- Kiribati is one of the world’s most vulnerable countries to the effects of climate change and sea level rise.
- The GFDRR-supported Kiribati Adaptation Program is working with communities to provide safe drinking water and strengthen coastal infrastructure.
- The program is piloting adaptation strategies to better prepare Kiribati for the future.
Straddling the equator in the middle of the Central Pacific Ocean, Kiribati is made up of 33 coral atolls spread across 3.5 million km² (1.3 million square miles) of ocean. Most of the islands are less than two kilometers wide and have an average height of 1.8 meters (6 feet) above sea level, making the country one of the most vulnerable in the world to climate change and sea level rise. With the entire population and the majority of the infrastructure located on the coast, damage and coastal erosion from high tides, storm surges, and strong winds are increasingly an issue.
King tides can wash over entire islands, causing flooding for days and contaminating drinking water supplies for weeks and even months. Through the Kiribati Adaptation Program, which is supported by the Global Facility for Disaster Reduction and Recovery and is now in its third phase, rainwater harvesting systems have now been installed in six communities in North Tarawa, Kiribati, providing a reliable – and safe – source of water.
North Tarawa, while still part of the main island of Kiribati, is only accessible by boat and remains largely subsistence-based, with residents gathering most of their food and water from their surroundings. Prolonged periods of drought, usually during La Nina years, often meant heavy rationing of water, impacting general wellbeing and agriculture. Until recently, communities used ground water from wells for all their cooking, drinking and farming needs. While usually satisfactory after boiling, ground water can become contaminated by seawater during floods and king tides, making people – especially children – sick.
Ruteta, a mother of three living in Tabonibara village, North Tarawa, knows all too well the problems that contaminated well water can bring. “A few years ago our well water got really smelly. We worried about our children, because they had diarrhea after drinking the water we boiled from the affected well,” said Ruteta.
Infant mortality in Kiribati is the highest in the Pacific Islands, at 43 deaths per thousand live births. Infantile diarrhea contributes to this high number.
“Now that we have rainwater tanks our children have fallen ill much less so that makes us very happy.
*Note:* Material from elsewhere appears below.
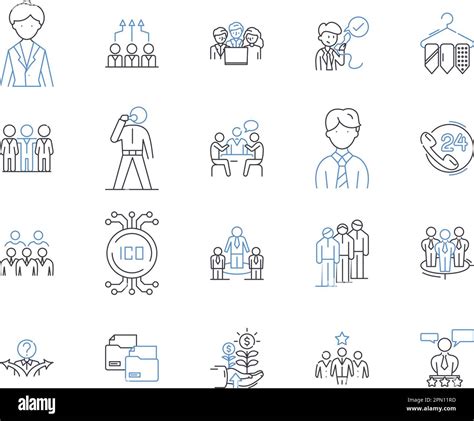 Office Workers Outline Icons Collection Office Workers Clerk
There’s a big difference in the quality of rainwater compared to well-water,” said Ruteta.
Rainwater harvesting systems were piloted in an earlier phase of the Kiribati Adaption Project and, after extensive consultations with local authorities and community members, the project’s team was able to design the systems, decide on the best building and locations (to be retrofitted with gutters and piping to help catch rain and direct it to the tanks), and work with each community to establish operation and maintenance committees, who are responsible for the systems and their maintenance.
“There [are] around 50 pumps on our island of North Tarawa,” said a local Government Water Technician working on the project. “The water goes straight to the tanks where it will be stored and shared among the people for the wellbeing of the people. The community will decide on how to ration the water during times of drought.”
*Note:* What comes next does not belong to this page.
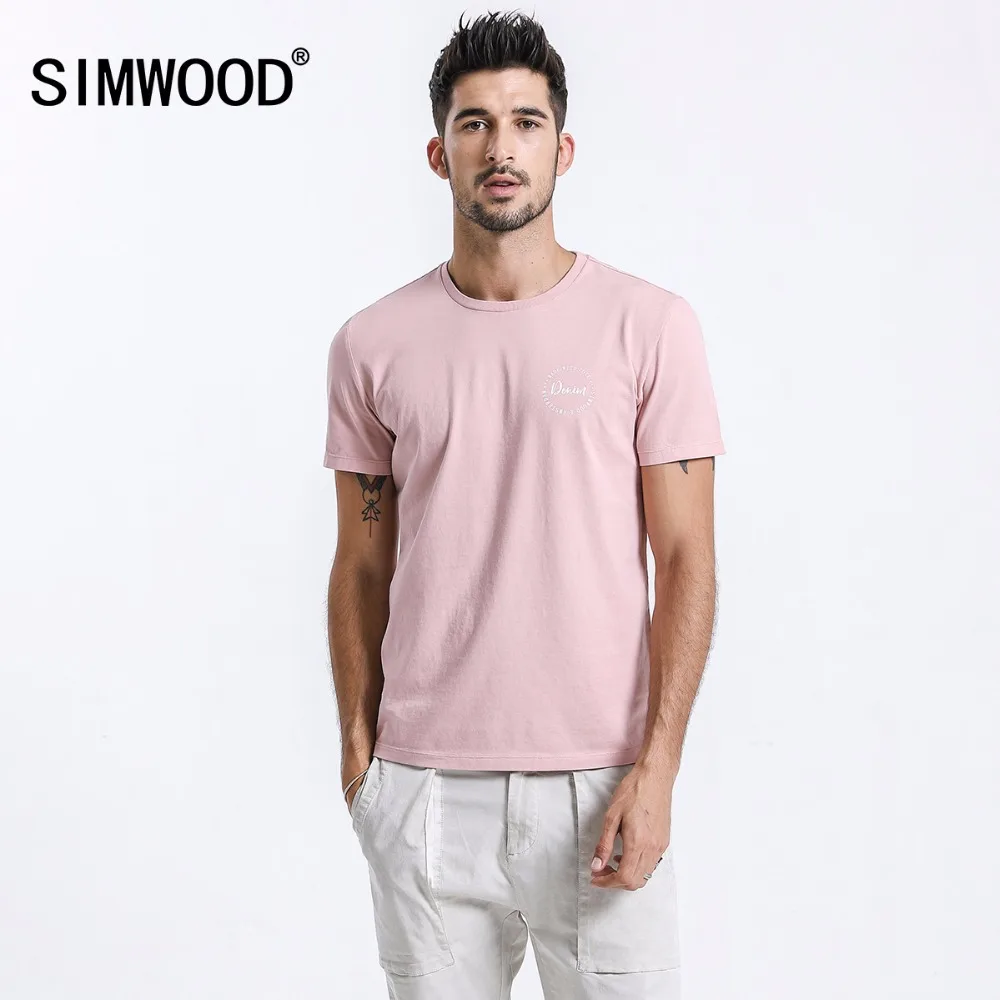 Simwood 2019 Новое поступление Брендовые мужские футболки с коротким рукавом и О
With the rainwater harvesting systems in place, community members now have easy access to clean water, and the storage tanks mean a larger pool is available during times of drought.
“We are grateful because life is much simpler having rainwater,” said Ruteta. “When a drought comes in the future, we will be reassured that we will have drinking water stored in the tanks that we can get directly from those taps and we are happy that we won’t be in trouble.”
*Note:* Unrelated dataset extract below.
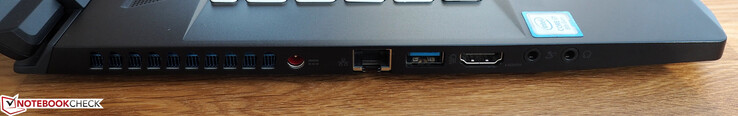 linke Seite: DC-in, RJ45-LAN, USB-A 3.0, HDMI, Mikrofon, Kopfhörer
In its Policy Statement on Climate Change, the Government of Kiribati says: “As Kiribati cannot escape climate change, it must adapt to it.”
With that in mind, the Kiribati Adaptation Program, in place since 2003, focused first on raising awareness of the impacts and incorporating climate change into government policies, then on piloting mangrove planting and construction of seawalls.
These rainwater harvesting systems are just one of the activities being undertaken to help Kiribati better prepare and withstand climate related impacts in the future. Key coastal areas are now being protected through locally-managed adaptation plans, identifying vulnerable areas or infrastructure and mapping out ways to maintain or protect it, with small grants for activities around climate change adaptation and disaster risk reduction, together with technical support for the government’s Strategic Risk Management Unit, which oversees this work.
The Kiribati Adaptation Project and its activities are supported through the World Bank; the Governments of Australia, Japan, and Kiribati; and the Global Environment Facility, in addition to GFDRR.